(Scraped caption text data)
*** Begin section ***

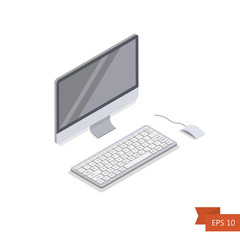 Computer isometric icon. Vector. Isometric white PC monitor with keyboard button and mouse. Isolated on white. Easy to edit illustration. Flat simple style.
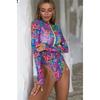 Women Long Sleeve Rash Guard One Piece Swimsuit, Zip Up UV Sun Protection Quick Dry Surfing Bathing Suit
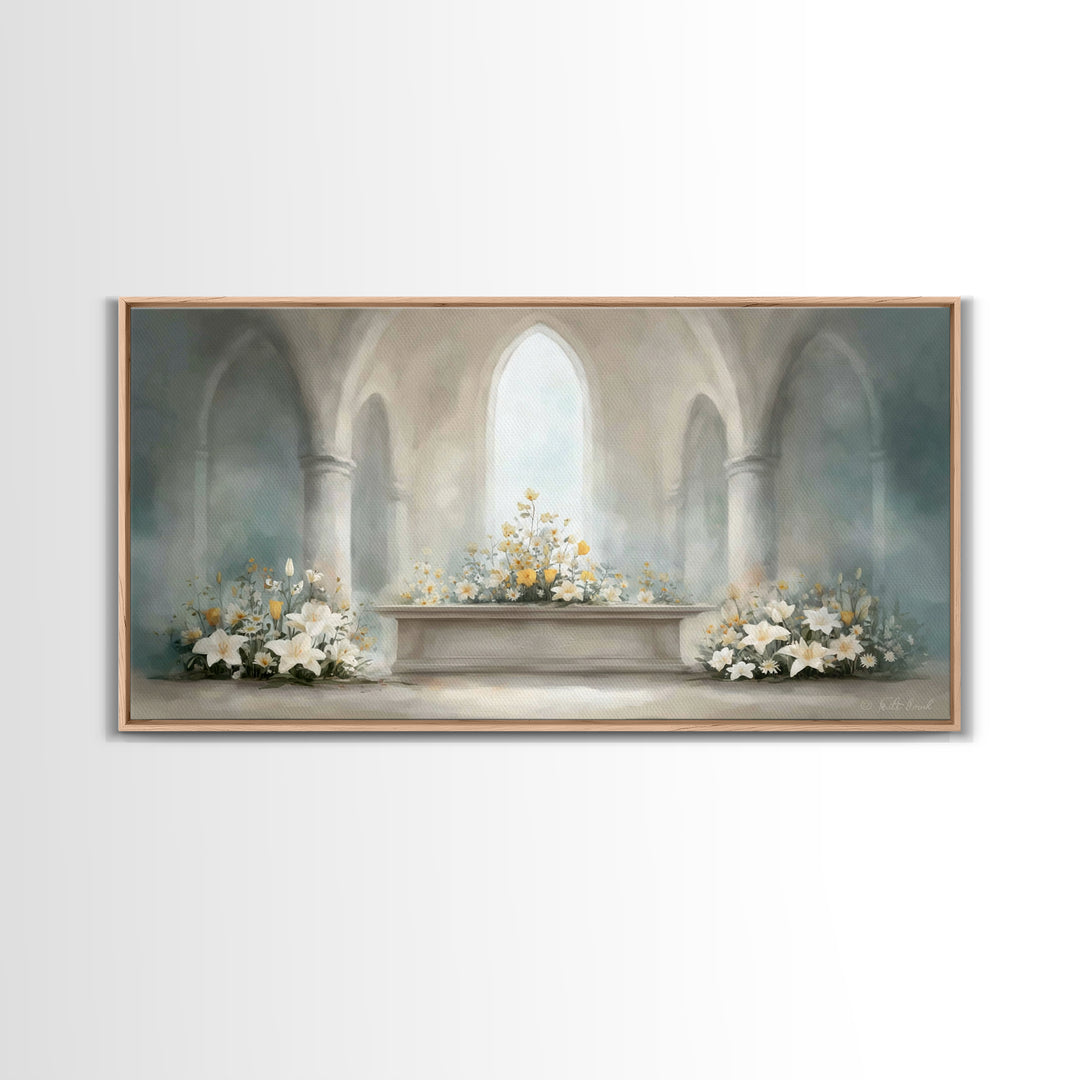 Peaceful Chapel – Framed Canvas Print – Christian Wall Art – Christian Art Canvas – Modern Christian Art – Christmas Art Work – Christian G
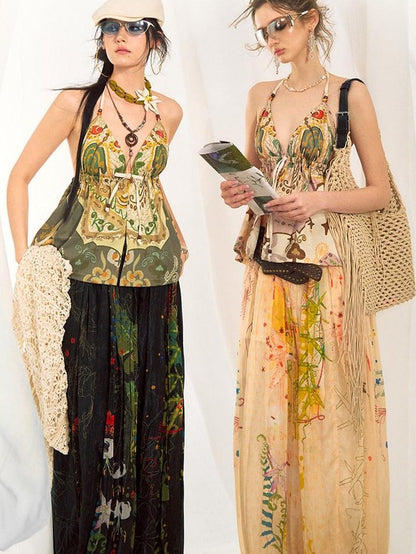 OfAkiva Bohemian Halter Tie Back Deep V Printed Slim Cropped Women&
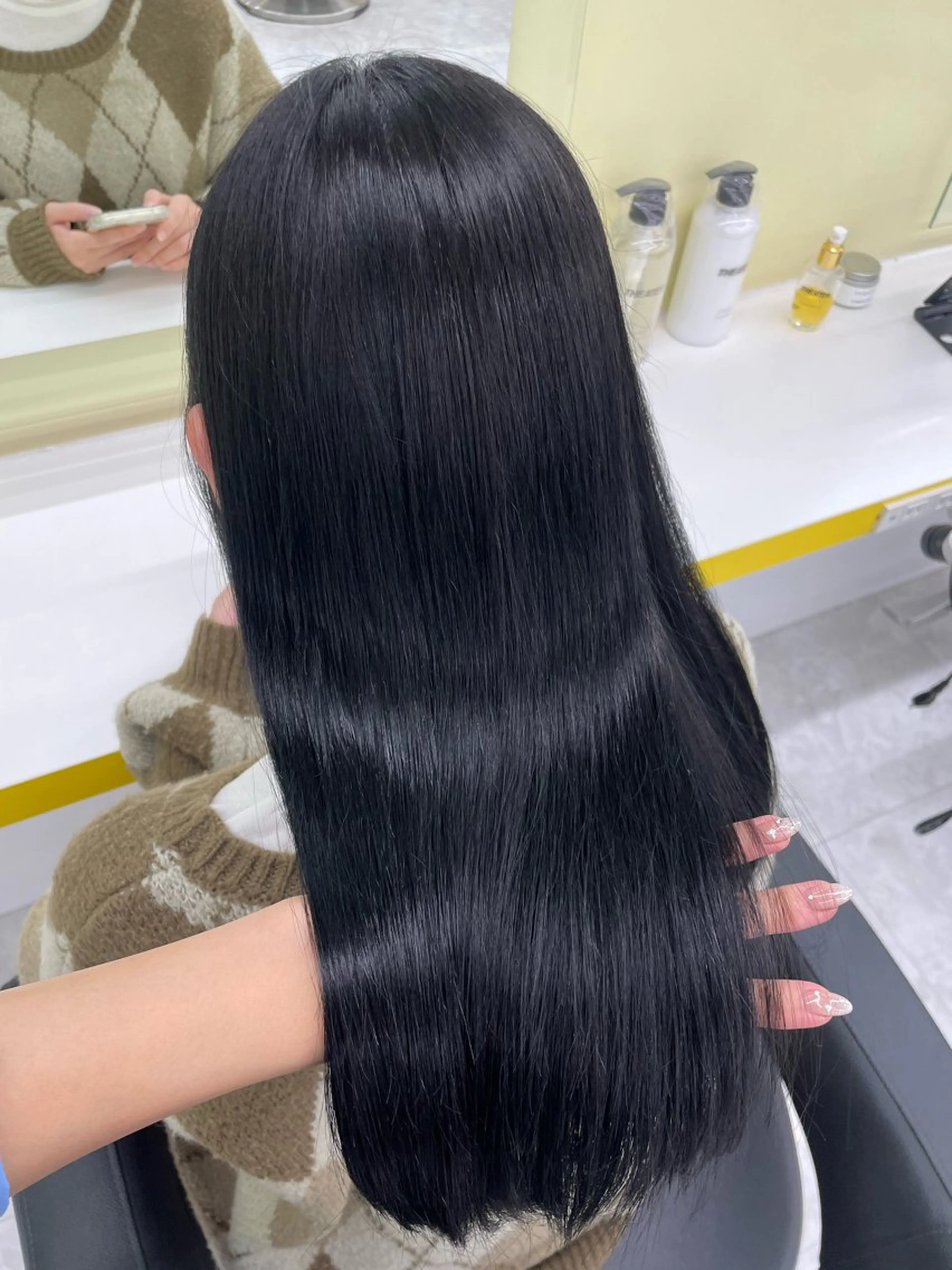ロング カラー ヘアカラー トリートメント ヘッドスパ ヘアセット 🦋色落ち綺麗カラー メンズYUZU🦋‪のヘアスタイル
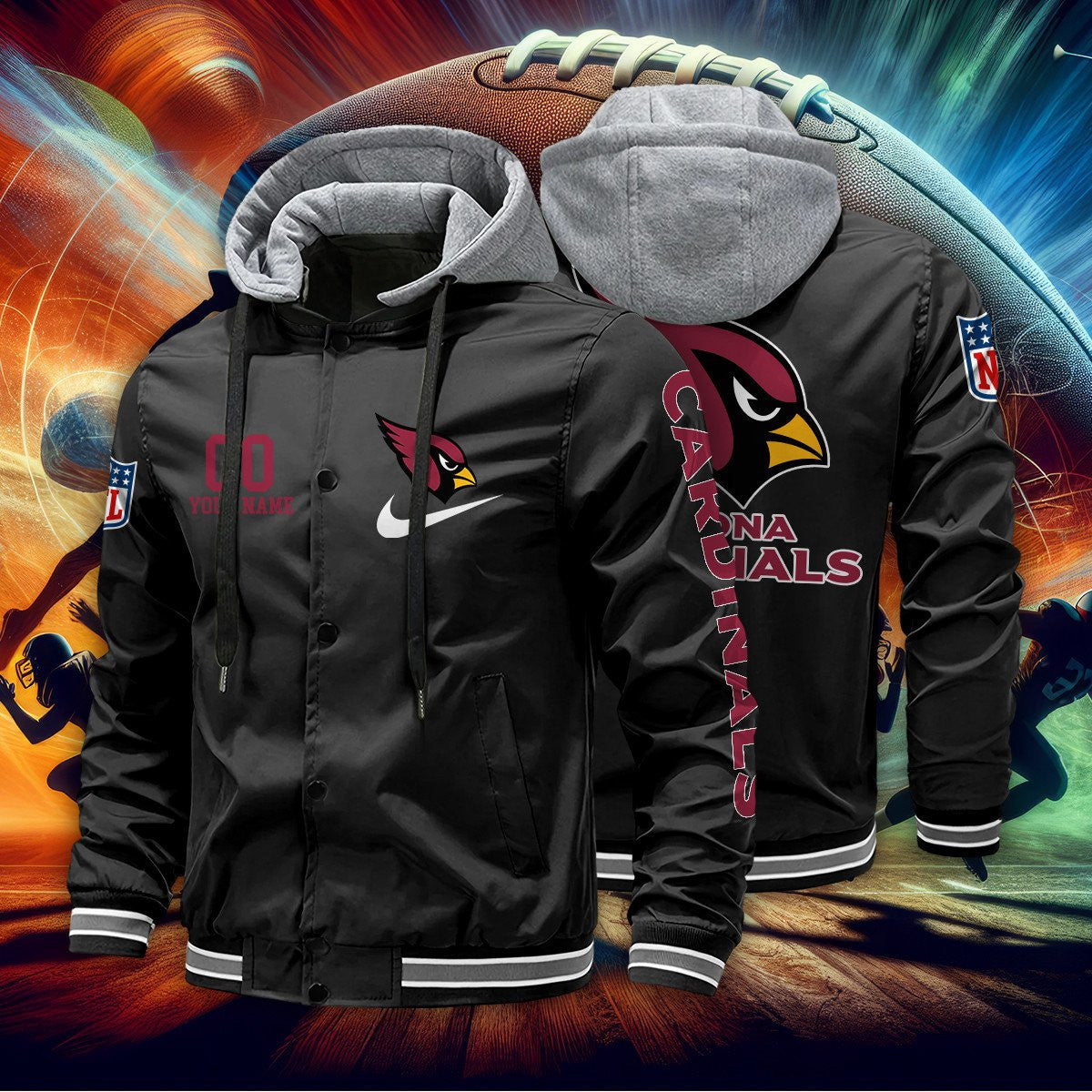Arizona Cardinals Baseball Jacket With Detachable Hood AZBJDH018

*** End section ***

--- Action item ---
Copy all of the records verbatim, omitting the pictures.

--- Exercise output ---
 Computer isometric icon. Vector. Isometric white PC monitor with keyboard button and mouse. Isolated on white. Easy to edit illustration. Flat simple style.
 Women Long Sleeve Rash Guard One Piece Swimsuit, Zip Up UV Sun Protection Quick Dry Surfing Bathing Suit
 Peaceful Chapel – Framed Canvas Print – Christian Wall Art – Christian Art Canvas – Modern Christian Art – Christmas Art Work – Christian G
 OfAkiva Bohemian Halter Tie Back Deep V Printed Slim Cropped Women&
ロング カラー ヘアカラー トリートメント ヘッドスパ ヘアセット 🦋色落ち綺麗カラー メンズYUZU🦋‪のヘアスタイル
Arizona Cardinals Baseball Jacket With Detachable Hood AZBJDH018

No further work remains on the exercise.